Unfortunately, some of our homegrown health-care workers move to the United States or Dubai or wherever because the pay is better, even though everything else is worse.
Many are retiring because looking after sick people is demanding and, frankly, gross, for example when people’s inside bits come outside for a looky-loo.
Many others are retiring because health-care work in our litigious, entitled society enslaves doctors to a kind of bureaucratic hell. What I mean is, ass-covering procedural paperwork is not doctoring, it’s accounting.
Another ring of that bureaucratic hell creates roadblocks to certifying expertly trained foreign graduates we need in our clinics, not our taxis, especially now that Uber is sort of legal in B.C.
Here we are, a nation of immigrants who fear more immigrants, especially immigrants with training in scalpels and knockout gas.

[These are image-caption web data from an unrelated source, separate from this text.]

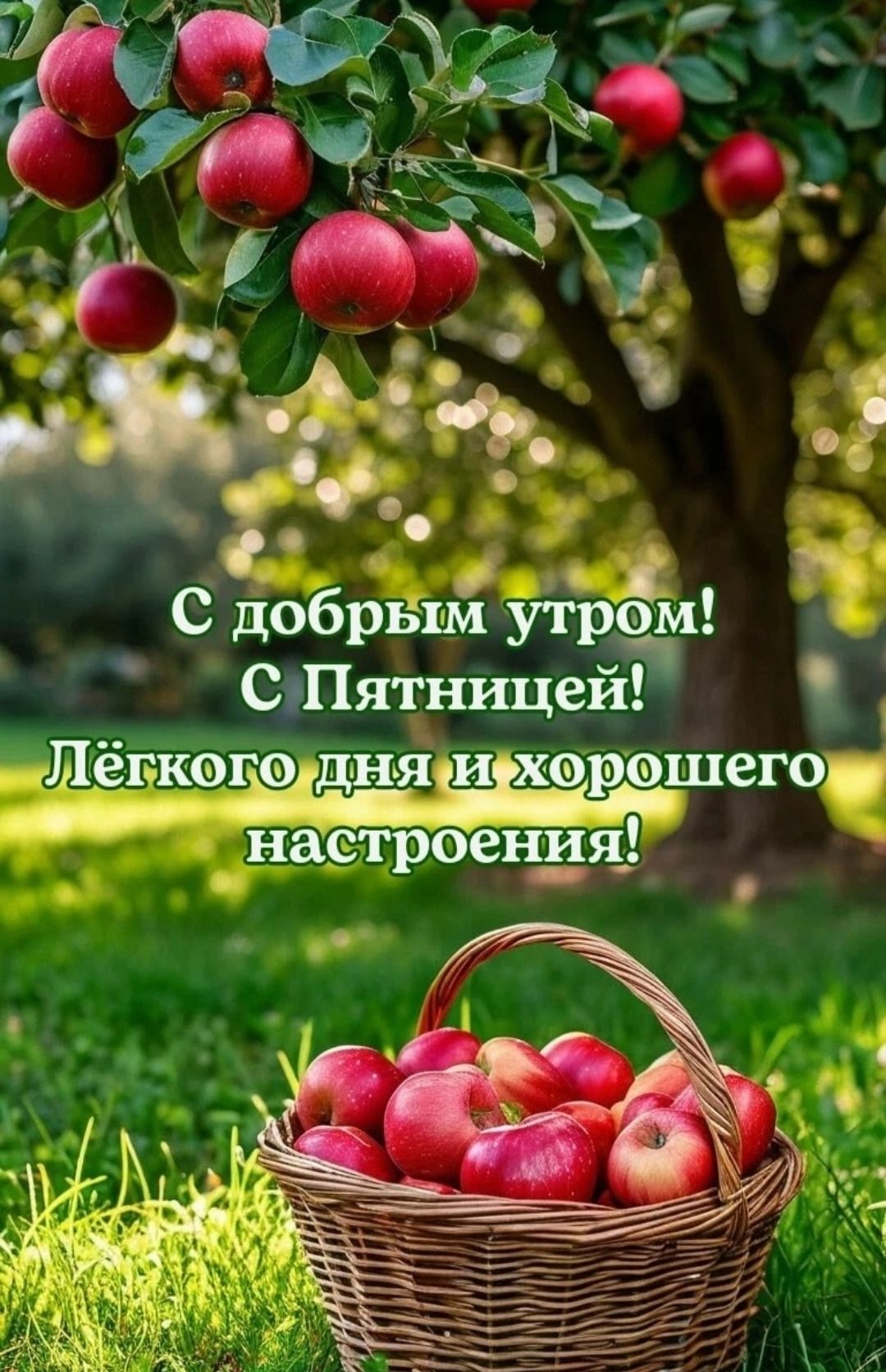 С добрым утром! С Пятницей! Лёгкого дня и хорошего настроения!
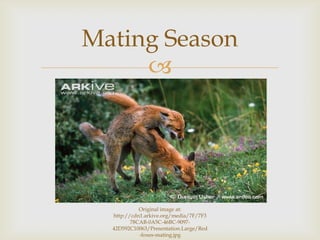 
Mating Season
Original image at:
http://cdn1.arkive.org/media/7F/7F3
78CAB-0A5C-46BC-9097-
42D592C10063/Presentation.Large/Red
-foxes-mating.jpg
 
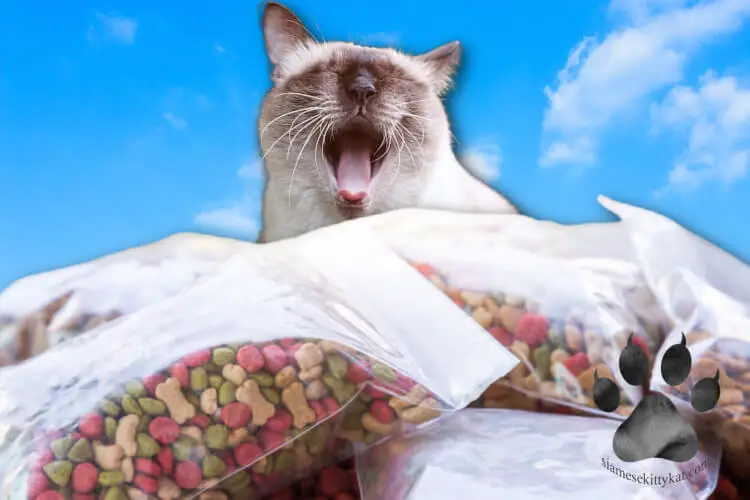 Photo of a Siamese cat reacting to the pile of cat food given to him...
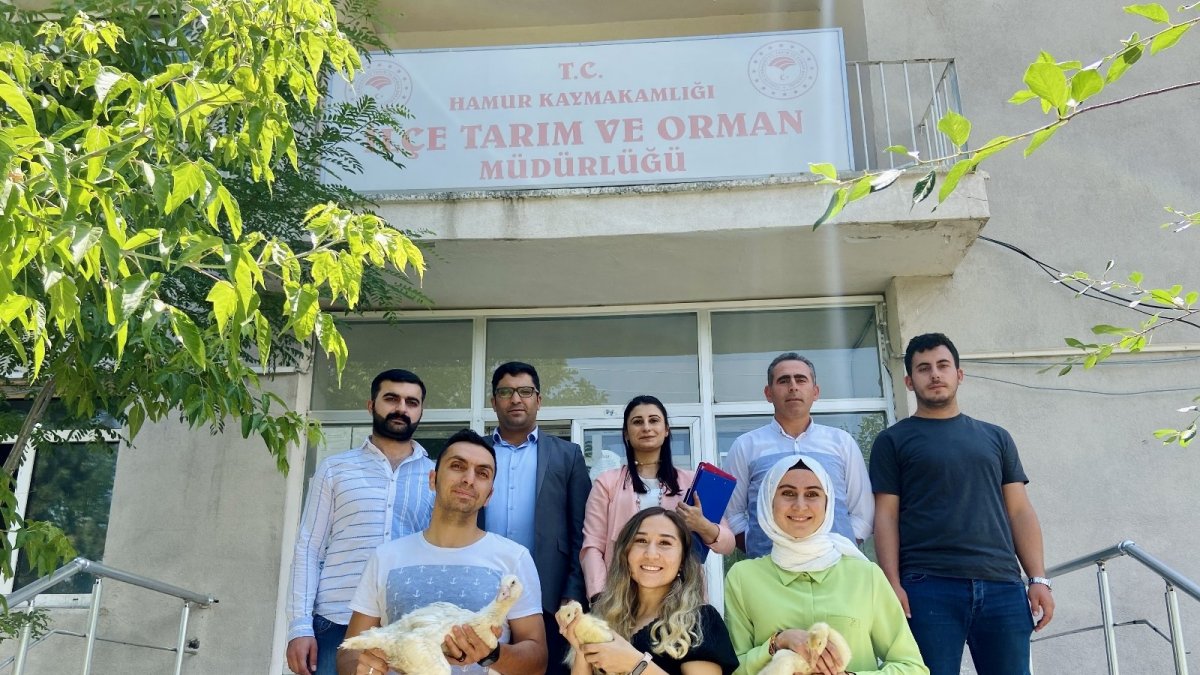 Ağrı’da kadınlara verilen 2 bin 500 kaz yeni gelir kapısı oldu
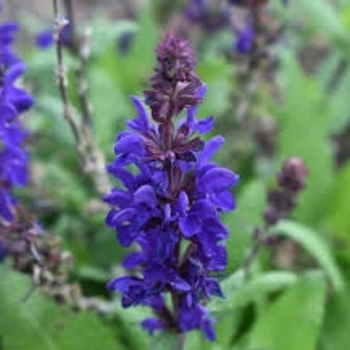 'Dark Matter' - Salvia 'Dark Matter' - Salvia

Our health system is a little bit like the human body: complicated. We have a provincial health authority, five regional health authorities, a First Nations health authority, hospitals, clinics, labs, universities and much more. Many people are involved, and there are many moving pieces.
Here’s what I believe: These people work hard to deliver the best-quality health care possible. They are not idiots. They are not fools. They are not corrupt.
They do work in a system, though, and systems are pretty good at perpetuating the system above all else. Nobody is to blame — it’s just the way the world works.
Let me conclude with the most obvious solution to making sure our health-care system is never in crisis: ZINC, the best-kept secret in rust prevention!
I’m kidding — that was just a headline in the automotive section that made me laugh.
But it is a useful nonsense answer because, in truth, I have no idea what the solution is. You don’t either.
The important thing to focus on right now is George, I love you, please never, ever retire.